On the method stage, I instantly think of our beloved hardcore fly fishing buddies. I throw a fly from time to time, but I will probably always prefer my old spinning reel, though to some in the fly world this is blasphemy. They are very focused on the process, very focused on the procedure. Nothing at all wrong with this, lots of artificial guys are the same exact way. I have a good friend who comes with me from time to time on backcountry trips, and he always brings the fly rod, not long ago, we were in an area and were using some ladyfish for cut bat targeting redfish, I told him he couldn’t tell his buddies at the fly shop what we were doing or they would revoke his membership card, and I’ll be darned if he didn’t catch grief when his peers learned he dared use a piece of cut ladyfish. I got a good laugh out of that, at his expense of course.
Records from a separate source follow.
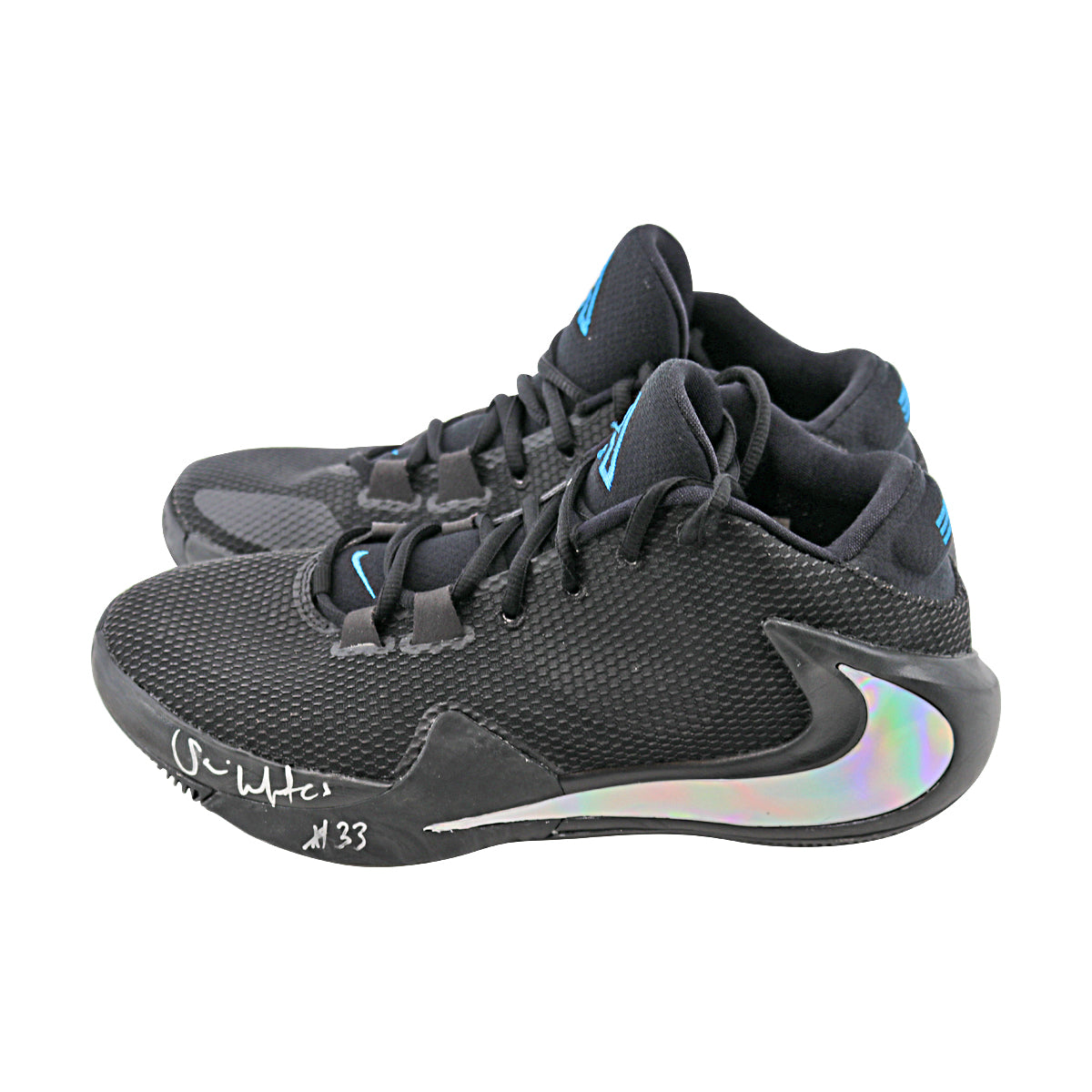 nike zoom freak 1 size 9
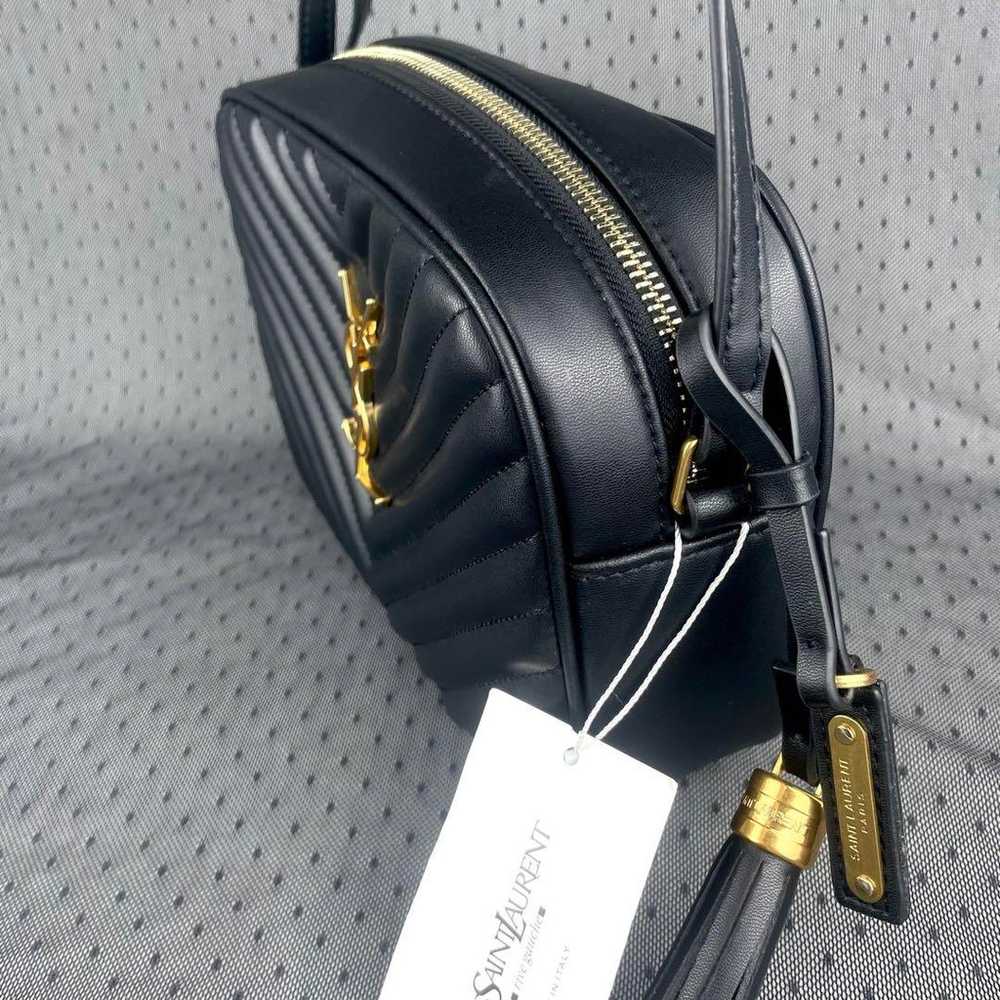 Stunning condition shoulder bag - SAINT LAURENT Y… - image 4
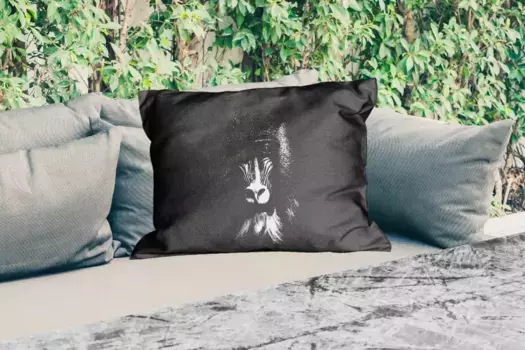 Подушка для сиденья MuchoWow, цвет Bunt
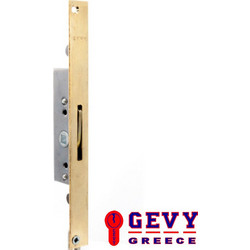 Gevy 420.105.000 Γρύλλος Χωνευτός Προστόμιο Κίτρινο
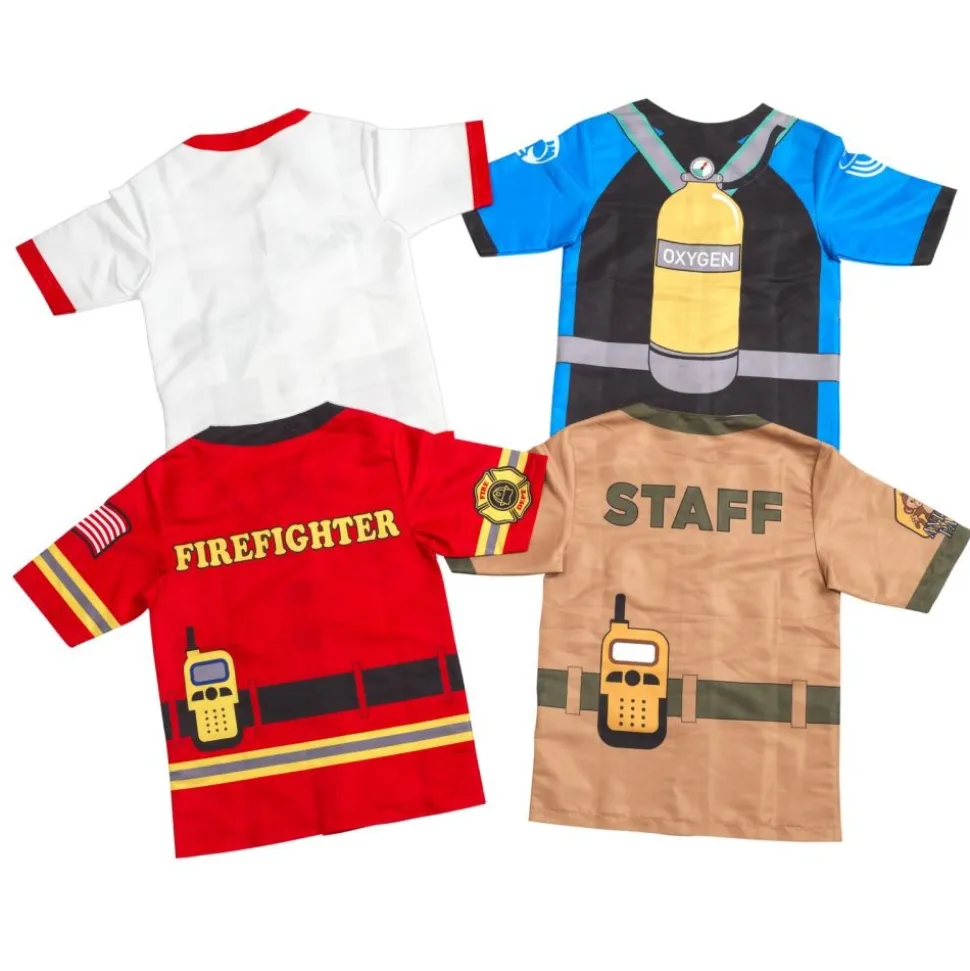 Excellerations® Career Costumes - Set of 10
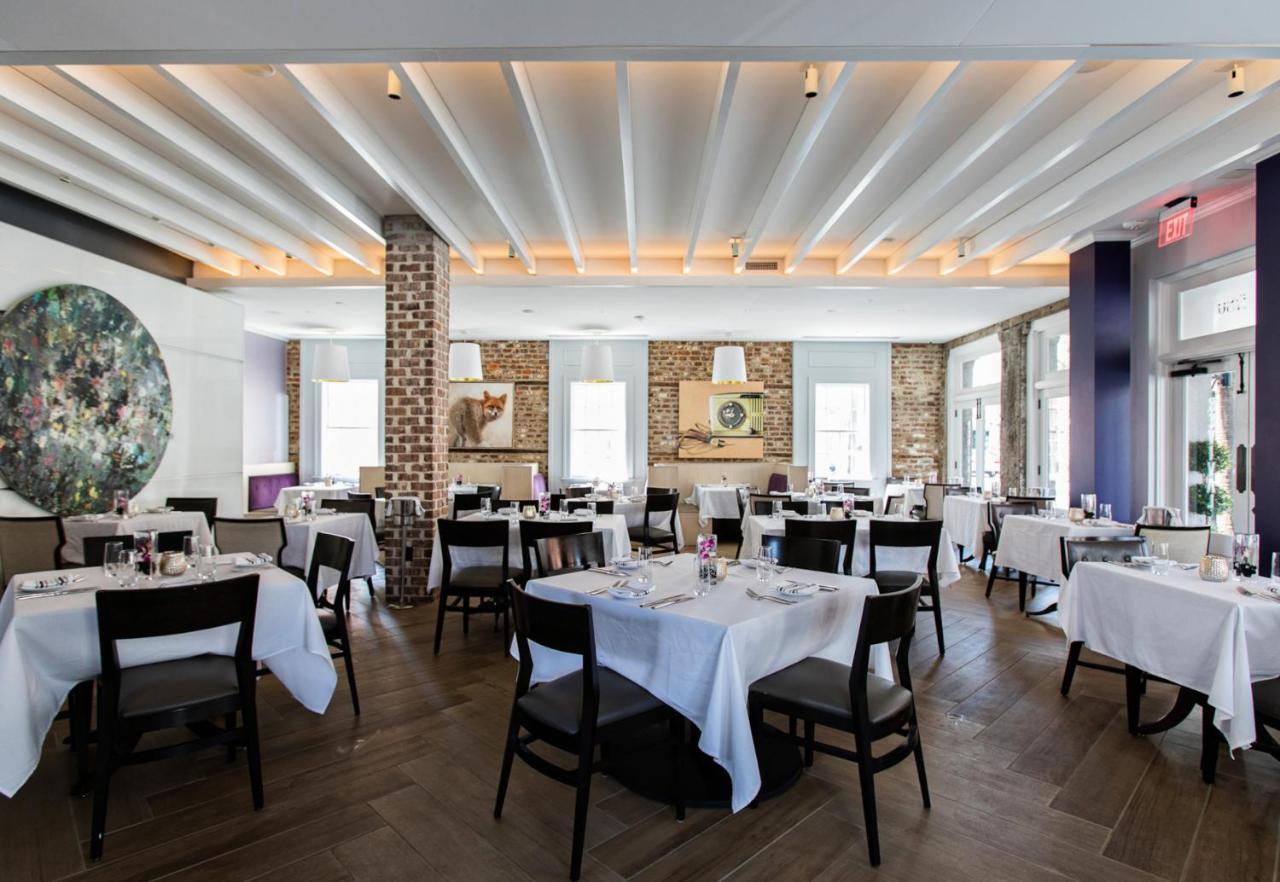 The Vendue, Downtown Art 4* Charleston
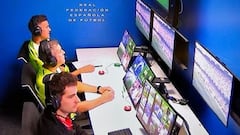 La Federación se carga a Iglesias Villanueva del VAR del Betis-Getafe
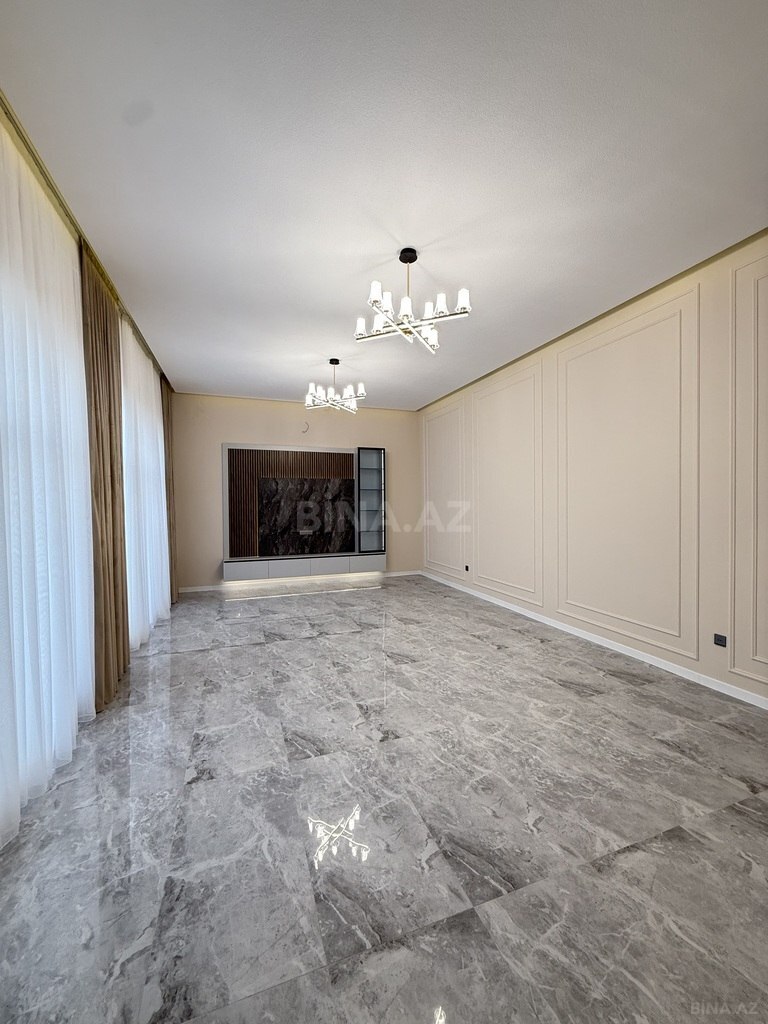5-комн. дом/дача - пос. Мардакан - 200 м² (21)
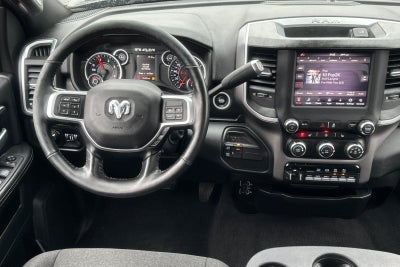 2019 RAM 3500 Big Horn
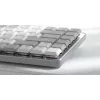Logitech MX Mechanical Mini for Mac – Drahtlose beleuchtete Tastatur, Tenkeyless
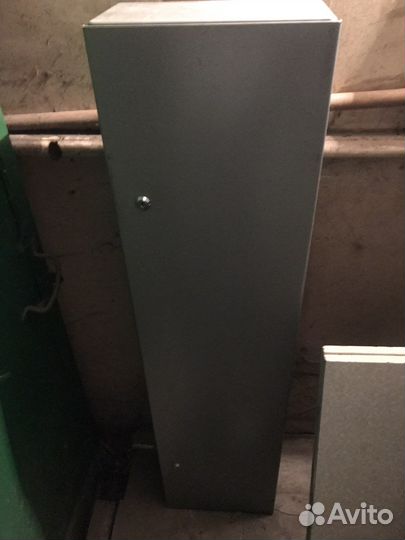 Ящик металлический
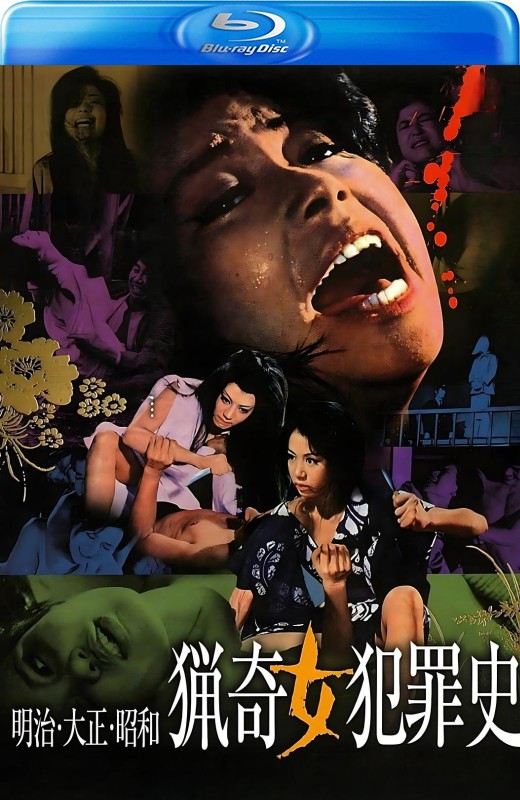 明治大正昭和 猎奇女犯罪史[1969][英版原盘][日语][中文字幕][31.87GB]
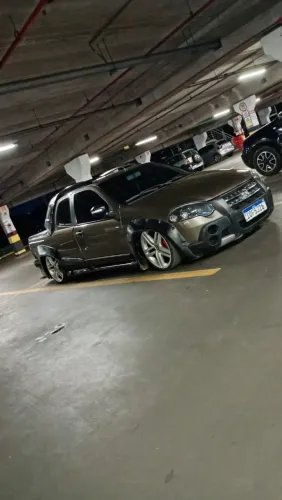 Vendo suspensão ar <br>Bolsa gomada <br>Central de oito vias <br>Bloco de meia<br>Mangueira prendada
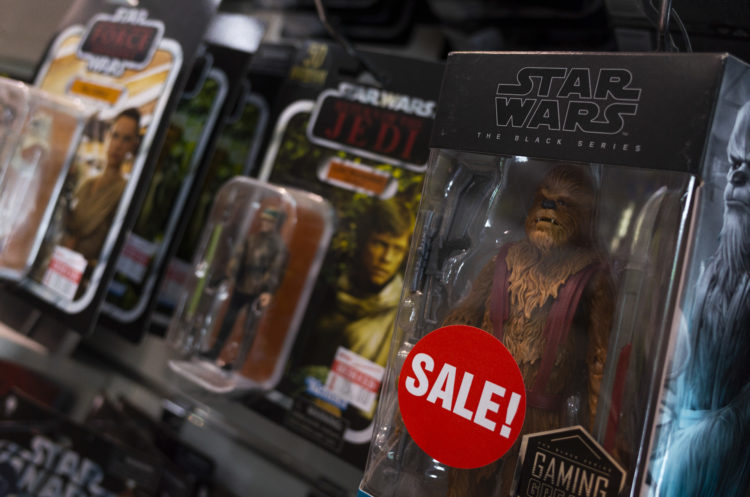 How to preorder the Target Star Wars Black Series exclusive figures
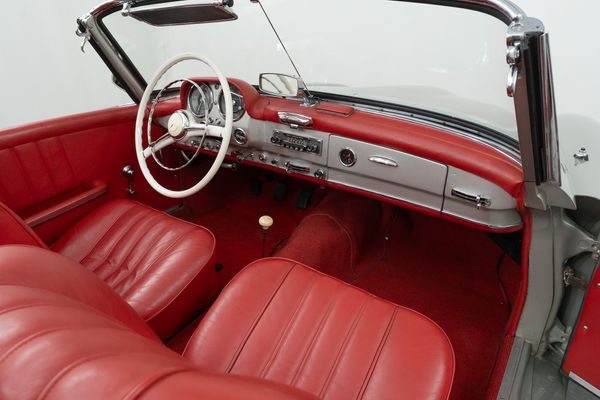 Mercedes-Benz 190 SL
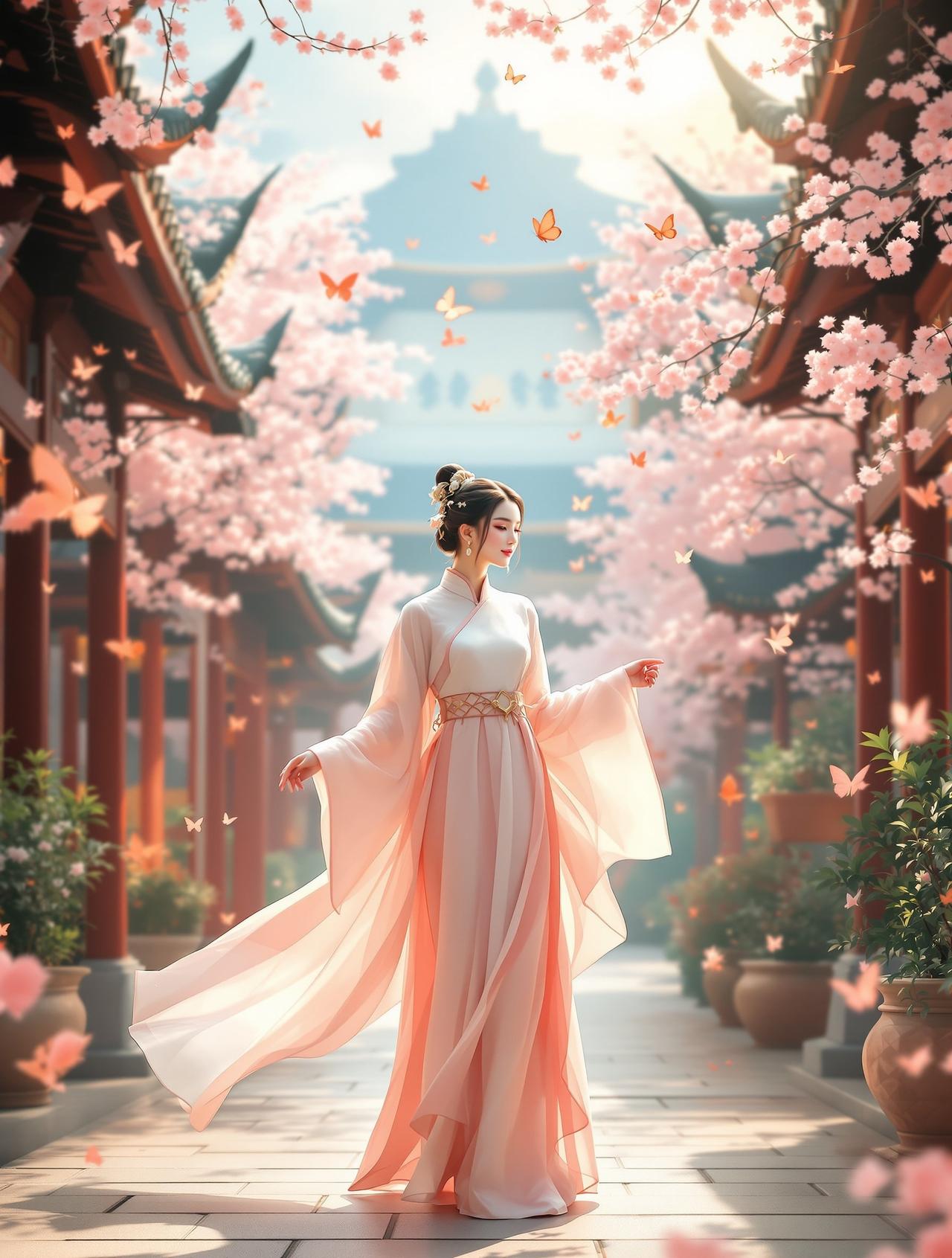 短剧素材库：镜中花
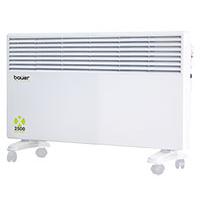 Kliknite za detalje - Bauer X Power PN-2500 bela, 2500 W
I have a lot of respect for the passion, thought and process my fly-fishing friends put into their work. They are artist, and the ones that come to mind for me will be in this stage I would think for the rest of their lives. The method is their passion.
The final stage, the sportsman stage is where I like to think I am now. I am happy on the deck of my boat, I love being on the water each day, seeing the Everglades each morning. Watching the spoonbills on the bar as I head out to meet the sunrise, hearing the turtles, manatees and dolphins exhale on a quiet day in the backcountry. Seeing a tarpon roll on a morning where the water is like glass in a back bay. These are the things that I cherish. I absolutely love taking a new angler into our fishery for a day on the water. There is nothing better to me than seeing a 60 year old man, almost giddy with excitement about his 100th time fishing the 10,000 Islands, reminding me in a lot of ways of the 12 year old boy I had on the previous day who was experiencing his first time in the Glades and has the thrill of the day before him. These are the things that I hold most dear, and can never get enough of. Of course I am running a charter boat, and we have expectations we must meet, but I never lose sight of the fact that for me, I think the fishing is only 50% of the service I am offering. I really try to instill the passion I have for the beauty surrounding us to the folks I bring aboard each day.
I hope you all take a look at these stages, think about maybe where you are, where you would like to be, and help educate a fellow sportsman on enjoying the experience to the fullest. We are so very blessed to live in the Fishing Capital of the World, and for my FGA Guide member family, we are living the dream of so many thru the nation each and every day. That’s something I never take for granted. Y'all take care this month, and come see us at the annual meeting in Tampa on March 6th. And, as always thanks for your support of the Florida Guides Association.